In 1943, Bertoia moved to Venice California to work with designers Charles and Ray Eames. During his three-year tenure with Eames, he helped design a number of signature furniture pieces. He is informally credited with creating the metal spine/leg structure of the Eames Plywood Dining & Lounge chairs (DCM/LCM). Additionally, Bertoia began experimenting with metal sculpture while continuing to design jewelry and make monoprints.

In 1949, Bertoia became a US citizen and moved to Barto Pennsylvania to join Hans Knoll in Knoll Associates. His work as an architectural sculptor landed his first sculpture exhibition in 1951 at the Knoll Showroom in NYC. 

Due to the success of his design of the “Diamond Chair” for Knoll, by the early 60’s, Bertoia was able to pursue his artwork full time. His sonambient sculptures, created in the 70’s, are the result of the artist’s experiments in the manipulation of metal. Featuring rods of different lengths and widths, the sculptures achieve a range of gentle to sharp sounds. Though the work has a strong architectural design, the magic of the pieces is in it’s sound. When touched or brushed, the sculptures become abstractions of sound as they sway back and forth, knocking against one another.

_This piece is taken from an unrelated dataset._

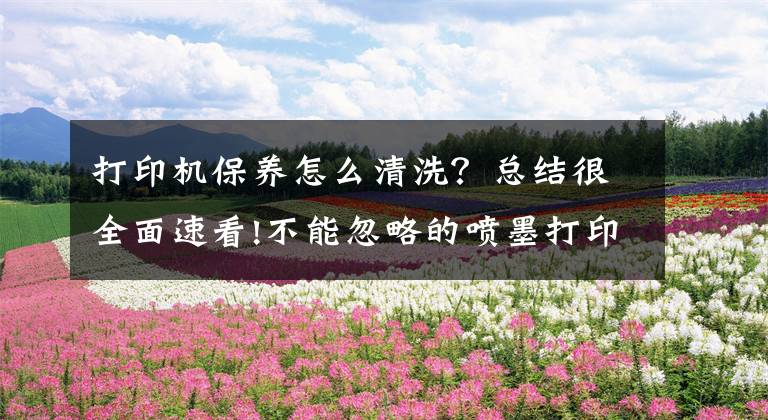 打印机保养怎么清洗？总结很全面速看!不能忽略的喷墨打印机保养常识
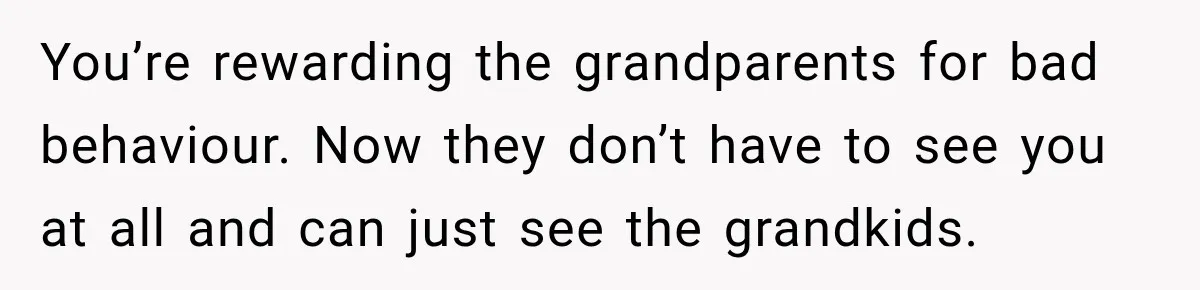 You’re rewarding the grandparents for bad behaviour. Now they don’t have to see you at all and can just see the grandkids.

The Addison Gallery of American Art (Andover, Massachusetts), the Brooklyn Museum (New York City), the Cleveland Museum of Art, the Dallas Public Library, the Detroit Institute of Arts, the Hirshhorn Museum and Sculpture Garden (Washington D.C.), the Honolulu Academy of Arts, the Kemper Museum of Contemporary Art (Kansas City, Missouri), the Nasher Sculpture Center (Dallas, Texas), the Philadelphia Museum of Art, the Reading Public Museum (Reading, Pennsylvania)], the Smithsonian American Art Museum (Washington D.C.), the Vero Beach Museum of Art (Vero Beach, Florida), and the Walker Art Center (Minneapolis, Minnesota) are among the public collections holding work by Harry Bertoia.